> _WHAT NEEDS TO BE DONE_
Every line containing the string "Solid" should be returned from the records.
DATA FOR REVIEW Start Marker
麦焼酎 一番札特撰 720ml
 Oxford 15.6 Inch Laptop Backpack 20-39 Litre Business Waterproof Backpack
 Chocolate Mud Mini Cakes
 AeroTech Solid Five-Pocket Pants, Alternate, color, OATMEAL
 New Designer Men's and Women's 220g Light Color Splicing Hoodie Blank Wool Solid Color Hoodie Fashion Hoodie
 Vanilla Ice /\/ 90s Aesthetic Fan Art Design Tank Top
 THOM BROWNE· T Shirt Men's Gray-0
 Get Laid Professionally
DATA FOR REVIEW End Marker
> _SOLUTION TO THE PROBLEM_
 AeroTech Solid Five-Pocket Pants, Alternate, color, OATMEAL
 New Designer Men's and Women's 220g Light Color Splicing Hoodie Blank Wool Solid Color Hoodie Fashion Hoodie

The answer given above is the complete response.